During its (way too long, but never mind) running time, various historical figures vie for attention or are referred to in crackling static radio broadcasts (Kennedy, Khrushchev, etc). There’s American aviation pioneer and air racer Jackie Cochran (Melissa Jones), Russian cosmonaut Yuri Gagarin (Jack Richardson), and American astronaut John Glenn (Shaw Cameron). Then there are those who are the product of the playwright’s supercharged imagination.

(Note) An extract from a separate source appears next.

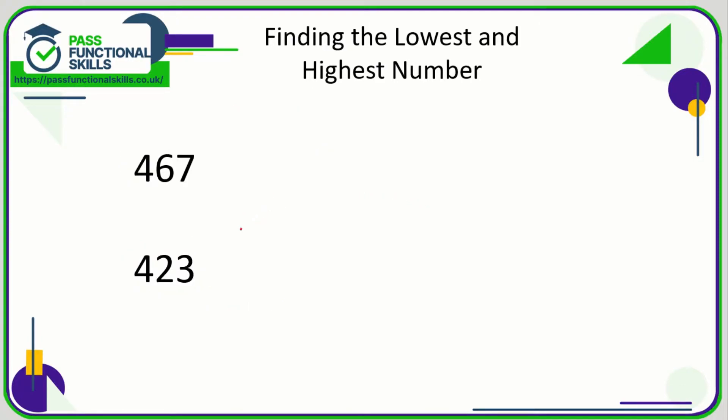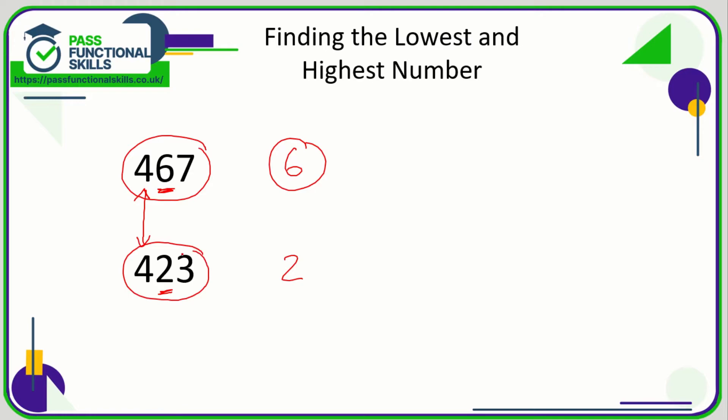What's the highest and what's the lowest number of 467 and 423? Let's compare the first digits — they are both fours, so we're going to look at the next digit along: a six and a two. In 467 the second digit is a six, and in 423 the second digit is a two. Six is greater than two, so 467 is greater than 423.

Also dreaming of space flight is Molly (Teodora Matovic), a precocious American pilot aspiring to be the first American female in orbit. And Valeria (Violette Ayad), a zealous Komsomol apparatchik who does go into space. As their stories progress it becomes steadily clearer that they are living not only in opposing political worlds but also under the unreconstructed repression of post-war sexism and male supremacy. And it’s worse in the Free World than under Khrushchev!

MERCURY POISONING

At the same time Nicole (Shawnee Jones), an aspiring actress from Absolutely-Nowhere, Oklahoma also star gazes – but at those inset onto Hollywood Boulevard. Against the odds (she’s Black, after all), and by mistake, she lands a part in a TV series pilot for a sci-fi adventure. Not Ahura or Star Trek, however, but instead hilariously reminiscent of the unintentional cult woefulness of Blake’s 7 and the very intentional cult woefulness of Galaxy Quest.

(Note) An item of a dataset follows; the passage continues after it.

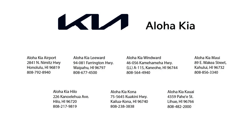Your Ohana dealer since 1997, Aloha Kia has seven dealerships statewide on all islands. Our friendly multilingual staff is proud to offer our guests the best purchasing and owning experience no matter what island you're on.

To get these three central narratives off the launching pad and into their various orbits also involves hordes of bureaucrats, US senators, Soviet functionaries, TV make-up girls, cosmo- and astronauts, bouffant-ed wives, handsy hubbies, stone-faced officials, and assorted successes and failures along the way. All are portrayed with dizzying switches of accent, costume, and conviction by (A-to-Z) Shaw Cameron, Anna Clark, Nikita Khromykh, Tinashe Mangwana, Brendan Miles, Charlotte Salusinszky, and Sarah Jane Starr.

Director Kim Hardwick pulls off an extraordinary feat of crafting and corralling both choreography and performance – ensemble and individual. She’s ably assisted by dialect and accent coach Linda Nicholls-Gidley. Production designer Meg Anderson does miracles with a parachute that becomes a living breathing universe – or the disappeared night sky. And the latter effect has a lot to do with Jimi Rawlings’ lighting design that also plays tricks with the traverse stage. Soundscape and FX, by Rowan Yeomans and Jay Rae, are equally witty and powerful and, all in all, the creative team is exceptional. As are Violette Ayad, Shawnee Jones, Sarah Jane Starr, and Teodora Matovic.

MERCURY POISONING

Mercury Poisoning is a remarkable debut, flaws and all. The main flaw, at the moment, is its length as the playwright seems determined to tell each of her chosen stories and histories to her complete satisfaction. Nevertheless, not such a flawed flaw, as crazy brave ambition will always trump neat and tidy expectations. The final scenes are touching in ways both sweet and unforeseen, and the journey is absorbing and rewarding. Recommended without hesitation but maybe take a cushion.